---
title: "Create, export Spark ML models: MLeap"
titleSuffix: SQL Server Big Data Clusters
description: Use PySpark to train and create machine learning models with Spark on SQL Server Big Data Clusters. Export with MLeap, and then score the model with Java in SQL Server.
author: RogPodge
ms.author: roliu
ms.reviewer: mikeray
ms.metadata: seo-lt-2019
ms.date: 12/13/2019
ms.topic: conceptual
ms.prod: sql
ms.technology: big-data-cluster
---

# Create, export, and score Spark machine learning models on [!INCLUDE[big-data-clusters-2019](../includes/ssbigdataclusters-ss-nover.md)]

The following sample shows how to build a model with [Spark ML](https://spark.apache.org/docs/latest/ml-guide.html), export the model to [MLeap](http://mleap-docs.combust.ml/), and score the model in SQL Server with its [Java Language Extension](../language-extensions/language-extensions-overview.md).
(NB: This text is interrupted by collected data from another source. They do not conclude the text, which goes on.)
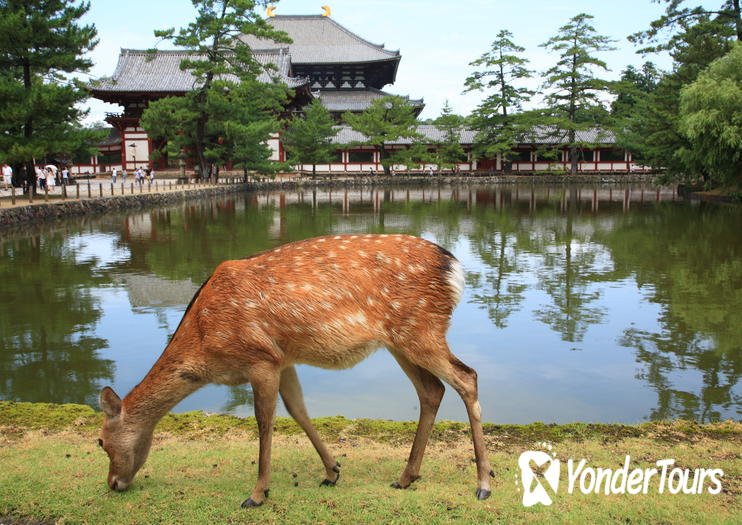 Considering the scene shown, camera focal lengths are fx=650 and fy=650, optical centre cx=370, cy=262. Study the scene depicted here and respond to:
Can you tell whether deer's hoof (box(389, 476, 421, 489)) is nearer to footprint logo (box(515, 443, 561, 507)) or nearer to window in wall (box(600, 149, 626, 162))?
footprint logo (box(515, 443, 561, 507))

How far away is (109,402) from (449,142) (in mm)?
59243

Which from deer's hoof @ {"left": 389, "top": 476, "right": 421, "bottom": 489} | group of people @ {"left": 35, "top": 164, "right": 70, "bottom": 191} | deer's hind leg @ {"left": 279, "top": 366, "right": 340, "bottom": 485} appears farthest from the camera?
group of people @ {"left": 35, "top": 164, "right": 70, "bottom": 191}

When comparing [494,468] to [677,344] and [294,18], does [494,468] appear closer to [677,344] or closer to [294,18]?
[677,344]

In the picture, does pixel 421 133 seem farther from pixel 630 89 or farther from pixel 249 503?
pixel 249 503

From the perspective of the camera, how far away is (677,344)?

This is done in the context of a SQL Server 2019 big data cluster.

The following diagram illustrates the work performed in this sample:

![Train score export with spark](./media/spark-create-machine-learning-model/train-score-export-with-spark.png)

## Prerequisites

All files for this sample are located at [https://github.com/microsoft/sql-server-samples/tree/master/samples/features/sql-big-data-cluster/spark/sparkml](https://github.com/microsoft/sql-server-samples/tree/master/samples/features/sql-big-data-cluster/spark/sparkml).
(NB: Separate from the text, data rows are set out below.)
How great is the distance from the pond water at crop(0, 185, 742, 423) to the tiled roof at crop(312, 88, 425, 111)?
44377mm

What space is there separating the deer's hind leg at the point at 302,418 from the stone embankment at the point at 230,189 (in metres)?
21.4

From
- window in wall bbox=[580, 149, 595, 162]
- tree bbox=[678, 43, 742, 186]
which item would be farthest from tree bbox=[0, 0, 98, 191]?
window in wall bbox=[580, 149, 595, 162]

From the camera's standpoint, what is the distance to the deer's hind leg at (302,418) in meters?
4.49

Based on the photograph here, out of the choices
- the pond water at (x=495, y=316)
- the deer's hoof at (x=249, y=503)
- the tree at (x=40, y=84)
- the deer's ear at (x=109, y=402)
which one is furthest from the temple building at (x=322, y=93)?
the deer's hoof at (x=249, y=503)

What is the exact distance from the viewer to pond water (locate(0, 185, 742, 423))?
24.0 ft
To run the sample, you must also have the following prerequisites:

- A [SQL Server big data cluster](deploy-get-started.md)

- [Big data tools](deploy-big-data-tools.md)
   - **kubectl**
   - **curl**
   - **Azure Data Studio**

## Model training with Spark ML

For this sample, census data (**AdultCensusIncome.csv**) is used to build a Spark ML pipeline model.
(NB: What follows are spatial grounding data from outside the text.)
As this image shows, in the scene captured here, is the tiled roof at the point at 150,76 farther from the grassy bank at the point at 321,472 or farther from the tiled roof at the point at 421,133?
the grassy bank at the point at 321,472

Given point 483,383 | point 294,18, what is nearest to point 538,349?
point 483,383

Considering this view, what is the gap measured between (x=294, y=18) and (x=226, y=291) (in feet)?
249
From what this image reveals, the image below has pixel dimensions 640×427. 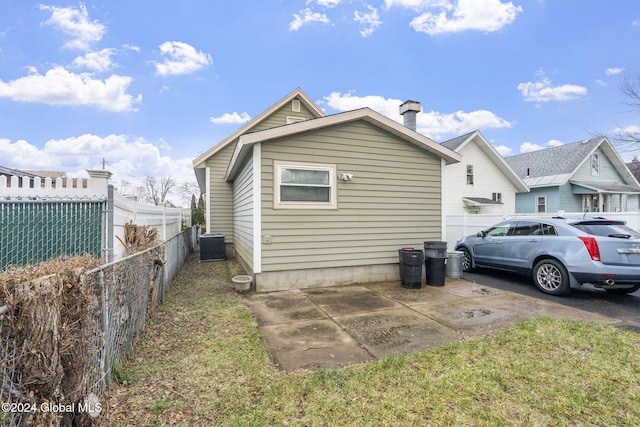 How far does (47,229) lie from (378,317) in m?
4.72

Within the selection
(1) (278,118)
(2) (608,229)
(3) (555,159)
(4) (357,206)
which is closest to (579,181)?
(3) (555,159)

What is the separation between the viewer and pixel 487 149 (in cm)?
1720

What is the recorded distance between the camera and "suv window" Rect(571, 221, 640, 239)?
5.58 m

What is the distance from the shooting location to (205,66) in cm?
1382

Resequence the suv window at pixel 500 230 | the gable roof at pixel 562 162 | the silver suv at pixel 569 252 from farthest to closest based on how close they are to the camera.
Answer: the gable roof at pixel 562 162 → the suv window at pixel 500 230 → the silver suv at pixel 569 252

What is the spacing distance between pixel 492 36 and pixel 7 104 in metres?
24.3

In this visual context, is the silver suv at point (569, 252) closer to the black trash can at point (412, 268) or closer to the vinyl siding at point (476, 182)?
the black trash can at point (412, 268)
1. Use the [mleap_sql_test/setup.sh](https://github.com/microsoft/sql-server-samples/blob/master/samples/features/sql-big-data-cluster/spark/sparkml/mleap_sql_test/setup.sh) file to download the data set from internet and put it on HDFS in your SQL Server big data cluster. This enables it to be accessed by Spark.

1. Then download the sample notebook [train_score_export_ml_models_with_spark.ipynb](https://github.com/microsoft/sql-server-samples/blob/master/samples/features/sql-big-data-cluster/spark/sparkml/train_score_export_ml_models_with_spark.ipynb). From a PowerShell or bash command line, run the following command to download the notebook:

   ```PowerShell
   curl -o mssql_spark_connector.ipynb "https://raw.githubusercontent.com/microsoft/sql-server-samples/master/samples/features/sql-big-data-cluster/spark/sparkml/train_score_export_ml_models_with_spark.ipynb"
   ```

   This notebook contains cells with the required commands for this section of the sample.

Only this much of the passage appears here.